- **Work task**
What you return should be the lines from the one with "Mulberry Brown Alexa" through the one with "Fendi Fendi Blue" in the data below, reproduced exactly with both ends, and no pictures at all.

- **Data for analysis**
•••

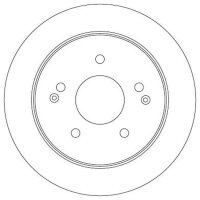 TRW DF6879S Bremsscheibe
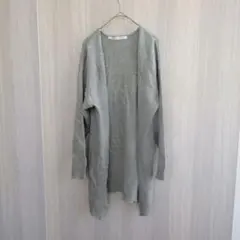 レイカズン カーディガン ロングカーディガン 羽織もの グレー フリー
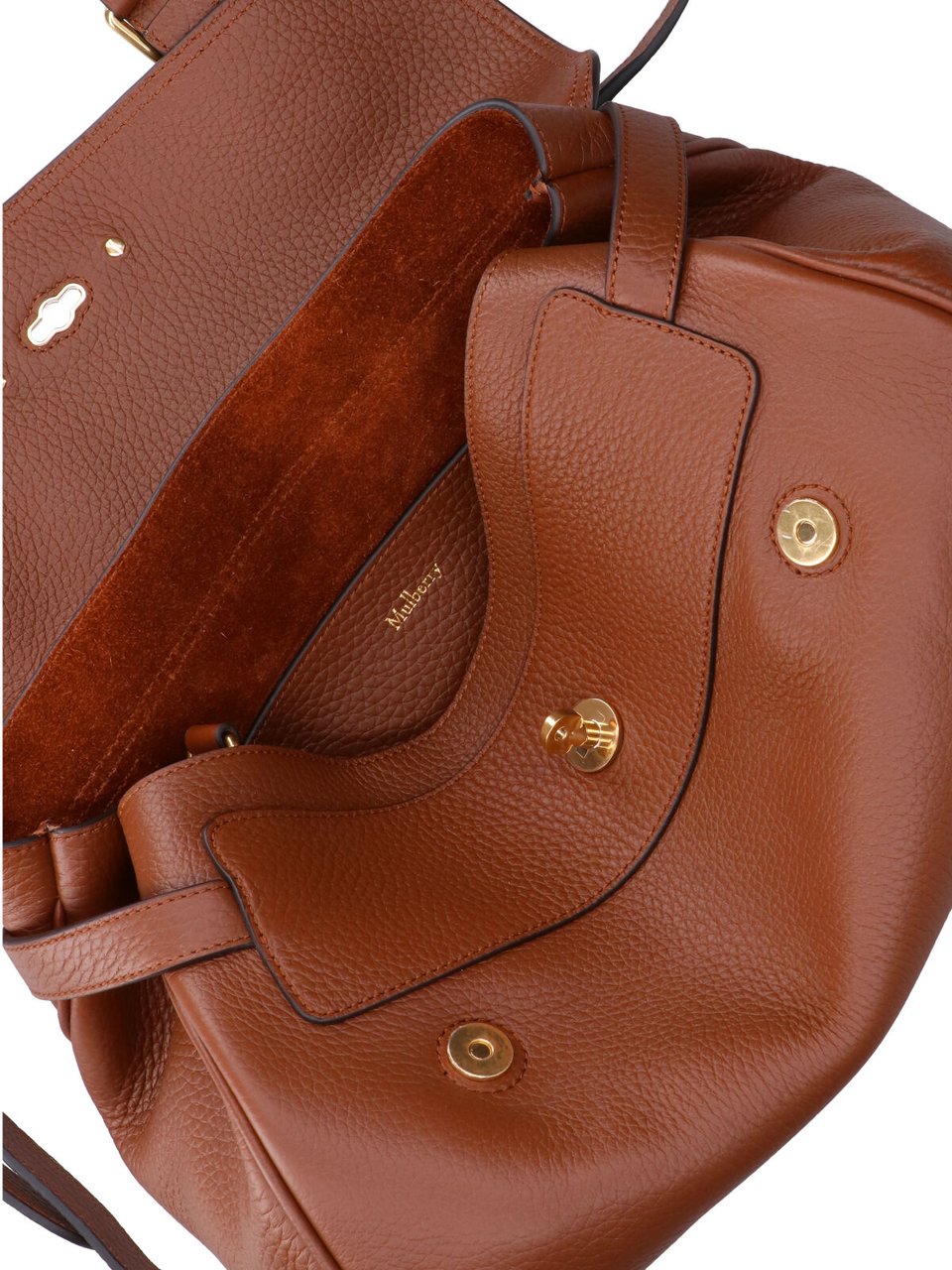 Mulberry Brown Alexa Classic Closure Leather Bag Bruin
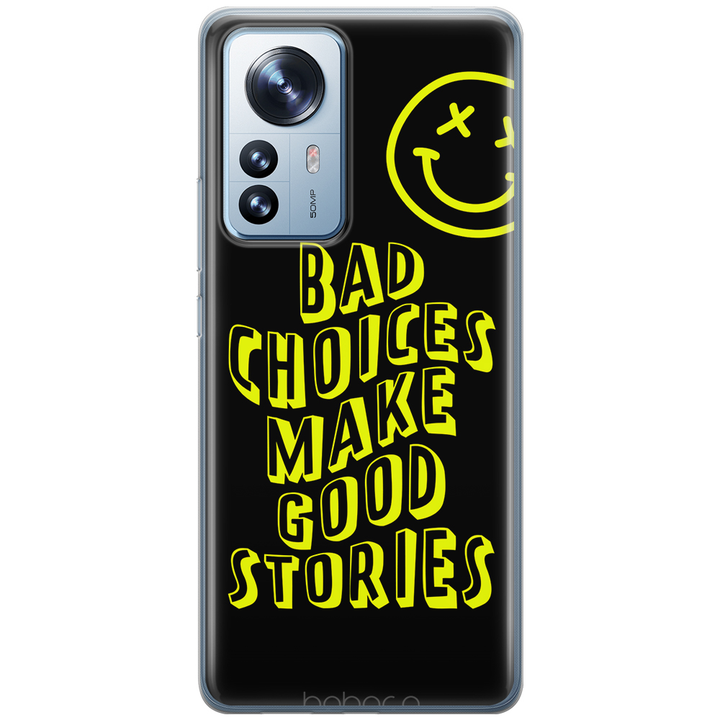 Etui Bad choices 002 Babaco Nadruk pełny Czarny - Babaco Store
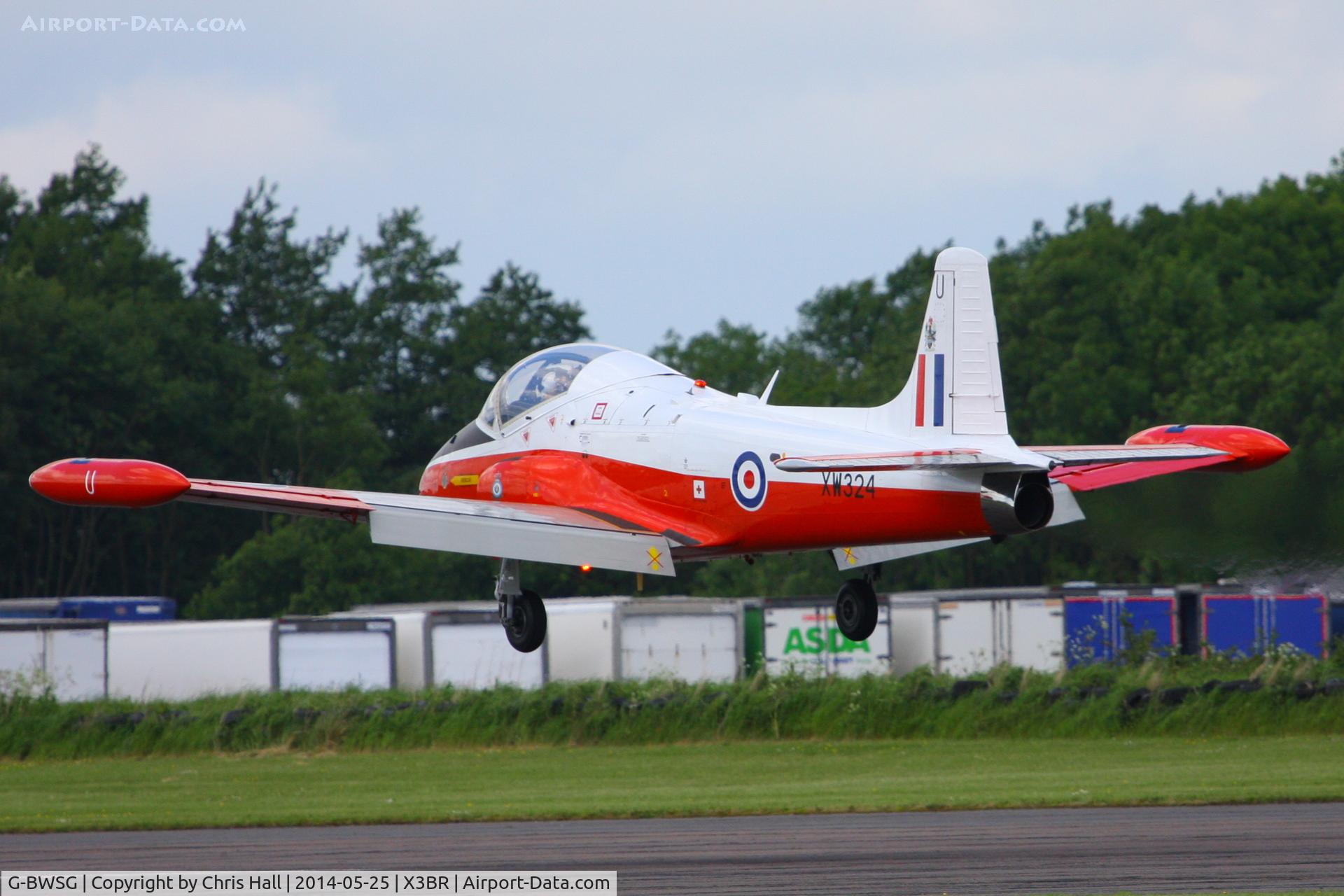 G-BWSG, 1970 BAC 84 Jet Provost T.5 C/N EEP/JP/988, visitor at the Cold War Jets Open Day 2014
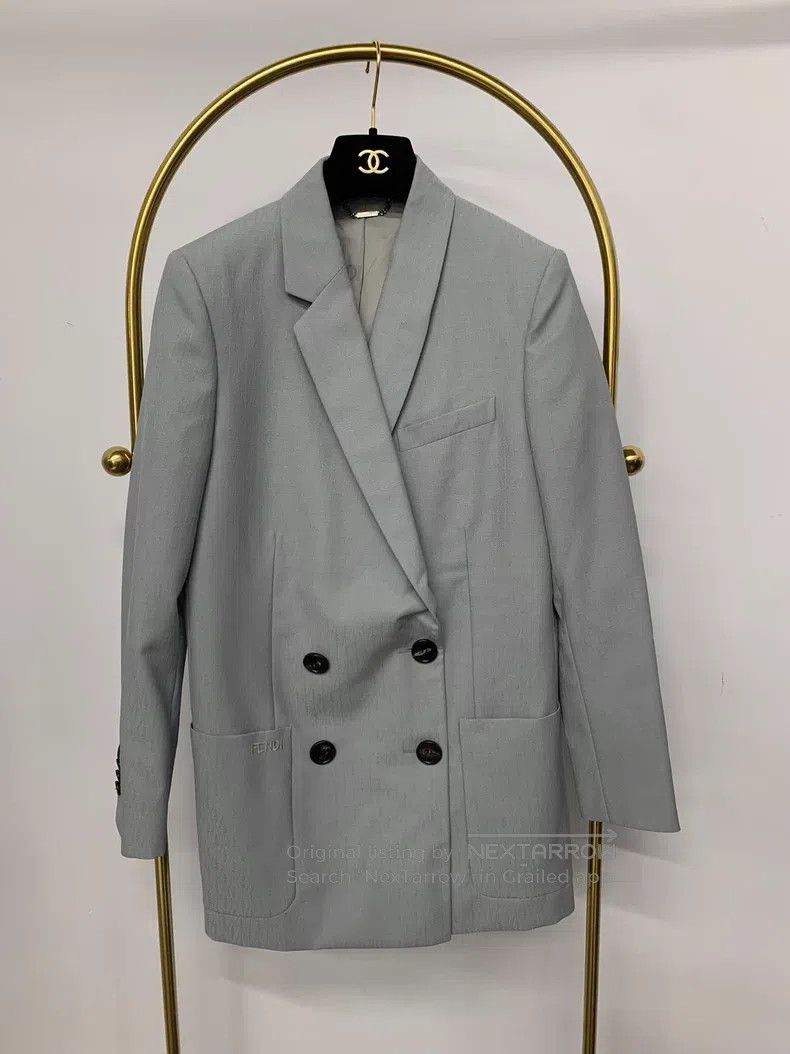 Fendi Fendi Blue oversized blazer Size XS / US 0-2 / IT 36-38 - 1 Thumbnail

•••

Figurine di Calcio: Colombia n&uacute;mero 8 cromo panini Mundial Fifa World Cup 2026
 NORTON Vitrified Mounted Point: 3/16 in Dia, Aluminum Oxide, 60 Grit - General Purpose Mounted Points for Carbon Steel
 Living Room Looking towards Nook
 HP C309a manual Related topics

•••

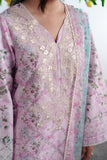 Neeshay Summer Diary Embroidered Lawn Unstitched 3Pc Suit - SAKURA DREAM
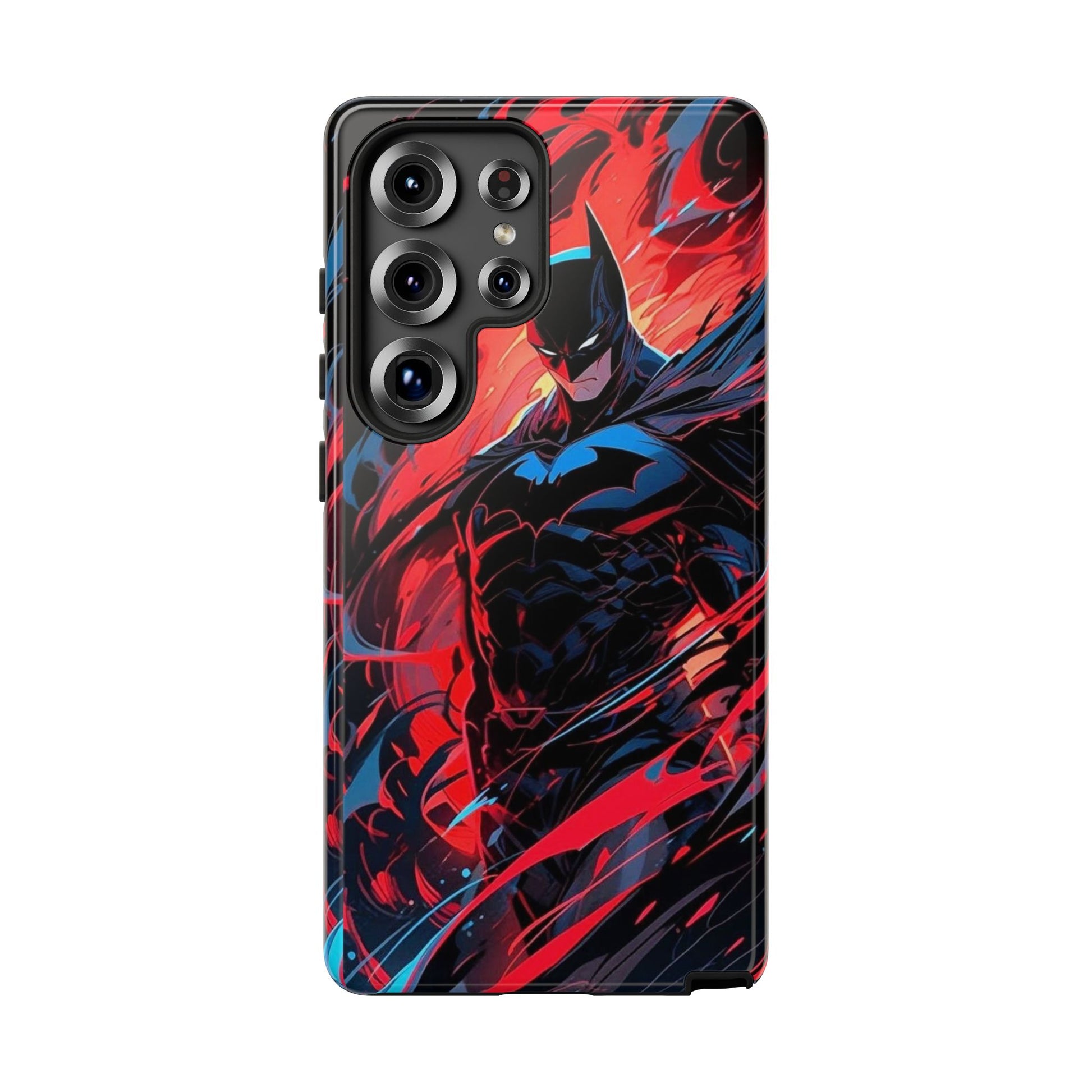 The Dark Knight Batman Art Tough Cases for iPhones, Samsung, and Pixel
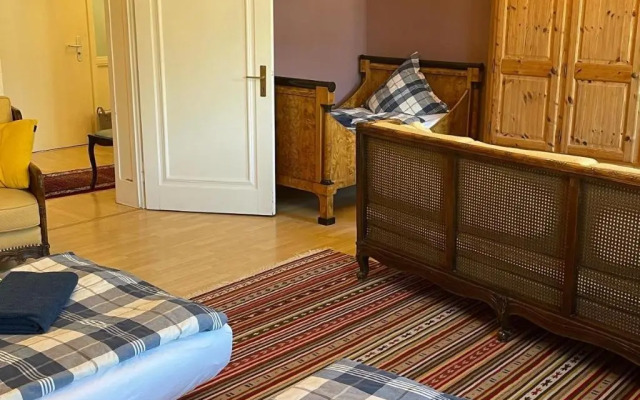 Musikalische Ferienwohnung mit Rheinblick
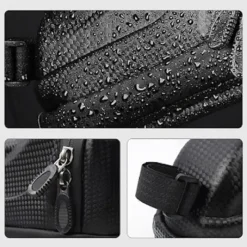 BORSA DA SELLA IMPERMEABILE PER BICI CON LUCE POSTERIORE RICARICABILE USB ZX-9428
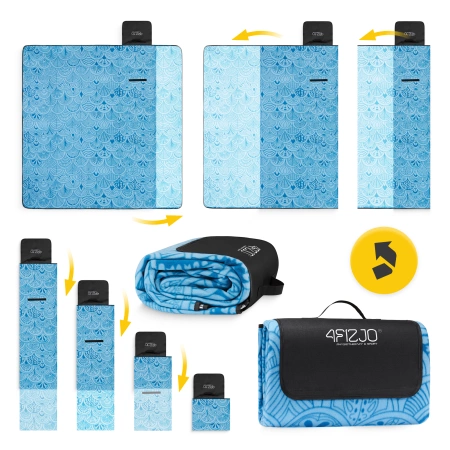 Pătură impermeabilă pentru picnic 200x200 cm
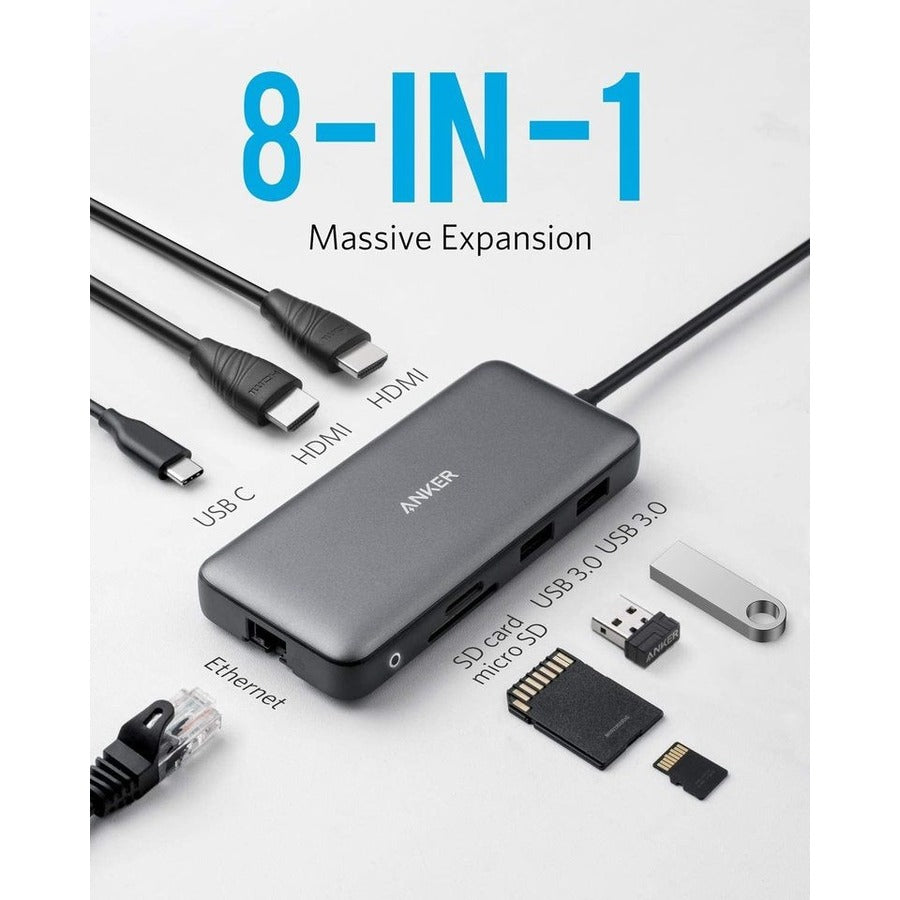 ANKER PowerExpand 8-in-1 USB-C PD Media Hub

•••

- **Solution to this task**
 Mulberry Brown Alexa Classic Closure Leather Bag Bruin
 Etui Bad choices 002 Babaco Nadruk pełny Czarny - Babaco Store
 G-BWSG, 1970 BAC 84 Jet Provost T.5 C/N EEP/JP/988, visitor at the Cold War Jets Open Day 2014
 Fendi Fendi Blue oversized blazer Size XS / US 0-2 / IT 36-38 - 1 Thumbnail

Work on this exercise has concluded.